▸ **Stored items**
↓↓↓
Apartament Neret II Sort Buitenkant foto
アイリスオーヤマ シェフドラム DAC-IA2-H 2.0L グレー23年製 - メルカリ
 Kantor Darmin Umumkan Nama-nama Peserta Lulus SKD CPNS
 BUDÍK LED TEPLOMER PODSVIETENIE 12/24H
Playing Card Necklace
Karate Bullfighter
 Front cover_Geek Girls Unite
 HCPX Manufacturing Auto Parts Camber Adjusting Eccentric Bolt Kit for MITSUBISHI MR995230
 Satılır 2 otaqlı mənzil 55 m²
↑↑↑
▸ **Required work**
Write out exactly the lines from the one containing "BUDÍK LED TEPLOMER PODSVIETENIE 12/24H" through the end of the data, both included. Add nothing else.

▸ **Expected output**
 BUDÍK LED TEPLOMER PODSVIETENIE 12/24H
Playing Card Necklace
Karate Bullfighter
 Front cover_Geek Girls Unite
 HCPX Manufacturing Auto Parts Camber Adjusting Eccentric Bolt Kit for MITSUBISHI MR995230
 Satılır 2 otaqlı mənzil 55 m²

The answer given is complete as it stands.